In the traditional understanding of brand story, the brand is the hero, no question. However, this inevitably leads to the nowadays common, annoying troublemaker display shouting advertisement (aka adverstalking), which constantly talks about itself, can be quite funny/exciting/emotional, but at the end of the day generates nothing but echo and noise before the defeat.

The essence of my brand management method Hero Branding®and its central axis is the radical change of perspective that lets us see a brand's audience as heroes. That's why we say Hero Branding®- brands make heroes.

We subordinate everything we do to this perspective because we keep a sentence by John Steinbeck in mind: "If a story is not about the hearer he will not listen ... A great lasting story is about everyone or it will not last.

The hero of a story must change or something must change for him. Without this transformation, there is no story. Often the hero is even the only character in a story that changes.

In the history of a brand, the customer is now the one for whom something changes because he gains benefit from the product or service, gains insight, learns something, gains additional prestige, in short: improves his status in some way.

A special characteristic of a brand is that it does not change, but constantly and consistently embodies what people expect of it. Or that it adapts at most in mini-steps to the developments of the times - and that over a long period of time. For this reason alone, your brand cannot be the hero of the story.

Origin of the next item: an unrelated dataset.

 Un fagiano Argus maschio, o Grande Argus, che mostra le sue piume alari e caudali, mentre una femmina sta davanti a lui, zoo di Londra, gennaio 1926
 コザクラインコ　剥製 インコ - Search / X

If a brand really does change massively, then it is called a relaunch. But even then, the change only affects the brand values in very, very few exceptional cases, but mostly the appearance of the brand.

 

Opponents

 

What is the function of the brand?

The brand is the mentor of the hero. Mentors accompany heroes on their journey with advice and action, give impulses and hints, help with understanding, sharpen the view, change the perspective, sometimes even trigger change.

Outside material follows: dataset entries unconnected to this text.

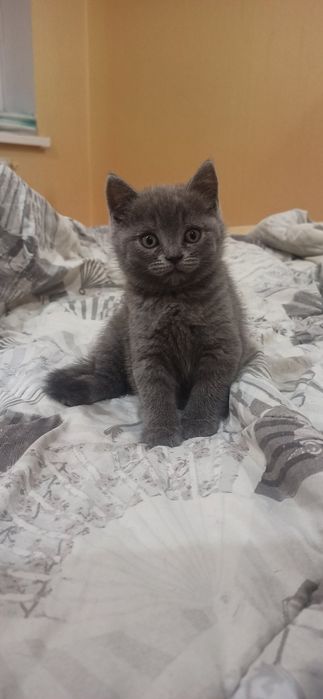 Грайливі кошенята,чекають люблячої сім'ї.  Шотландські котики Scotti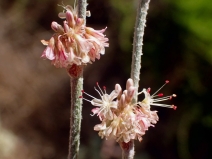 Eriogonum elongatum var. elongatum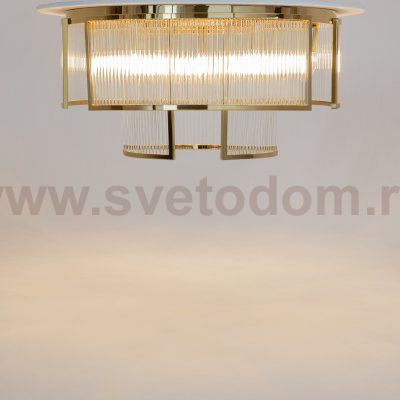 Потолочный светильник Maytoni MOD174CL-09G Frame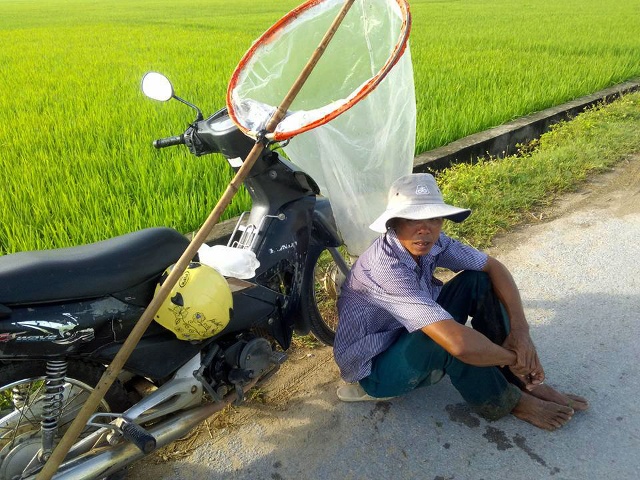 Săn tôm bay mỗi ngày thu bạc triệu - Ảnh 5.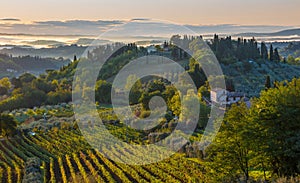 typical countryside summer landscape, Tuscany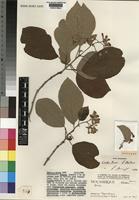 Cordia torrei E.S.Martins [family BORAGINACEAE]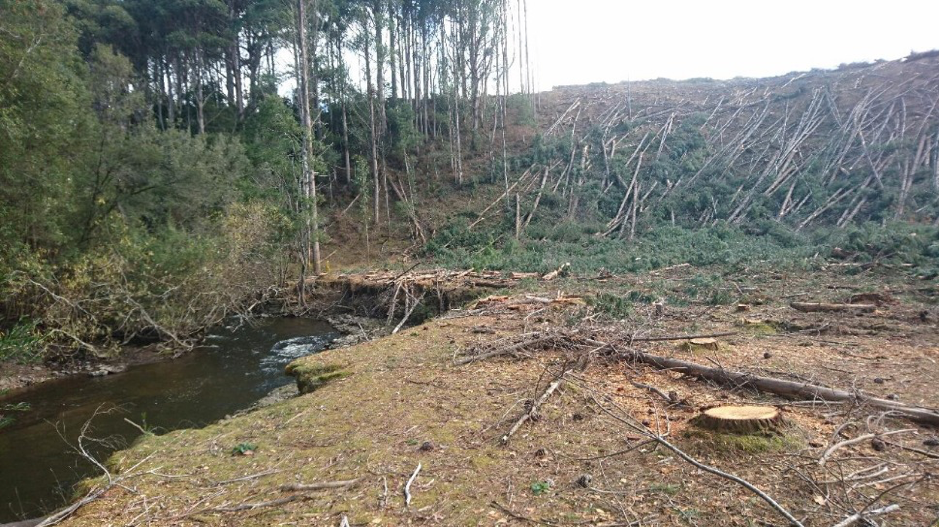 Tyenna River adjacent to pine plantation - Nov 2018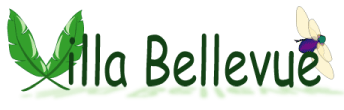 Villa Bellevue (Mont-Dore)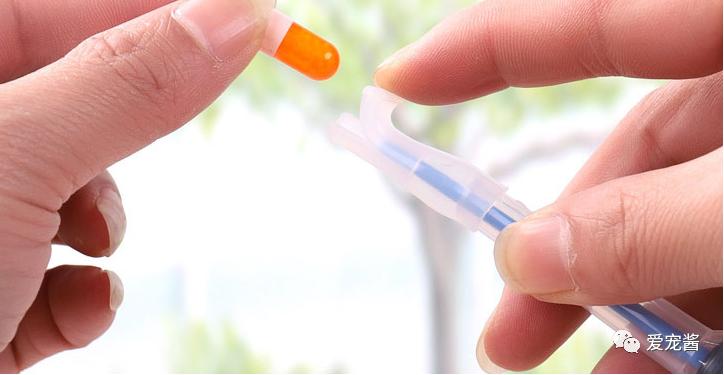 猫咪喂药片的正确方法,如何给猫咪喂药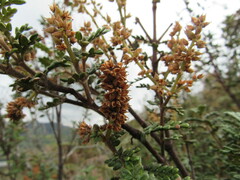 Weinmannia tomentosa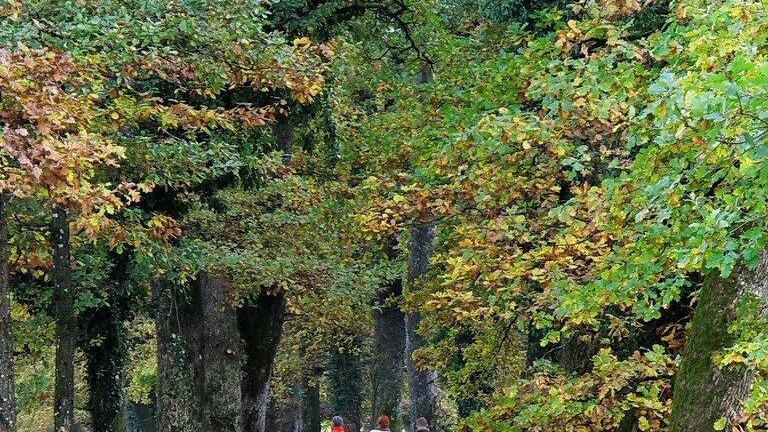 Herbstbilder aus Hellbrunn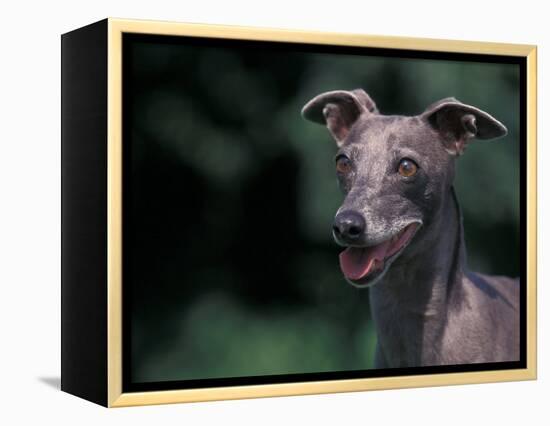 Whippet Panting-Adriano Bacchella-Framed Premier Image Canvas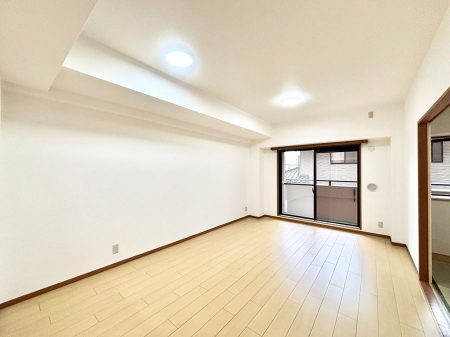 rO@傫ȑ炽Ղ̗zƕ郊rO  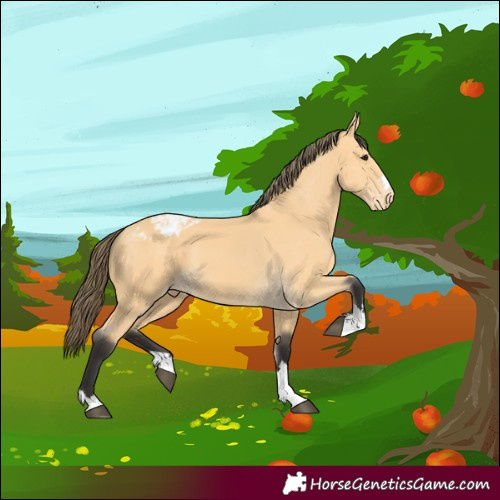 Horse Color:Buckskin Appaloosa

In fictional stories, mentors are often teachers or wise men, like Obi-Wan Kenobi, Gandalf or Merlin. As a rule, a brand is not allowed to take on this role, but must meet the hero at eye level, not implicitly from above. Brands as mentors are like coaches who help people to help themselves.

Heroine and mentor usually have the same values, the same goals, the same concern, the same longing for change. And they have the same opponent.

With a brand, the opponent is never the problem to be solved, because the product solves that. And above all, it is never the competition.

 

Who is the opponent?

An adversary must never change. James Bond's adversary remains evil, just as Super-, Spider- and Batman's adversaries remain evil. Harry Potter learns and matures, Voldemort remains Voldemort. Jaws is still not vegan in the fourth part, the aliens in "Independence Day" change just as little as the ice age in "The Day After Tomorrow".

If the antagonist changes, he may in some circumstances - and in the worst case for the story - be the protagonist himself.
You can read more about this in my blog article "The effect of storytelling - beyond good and evil.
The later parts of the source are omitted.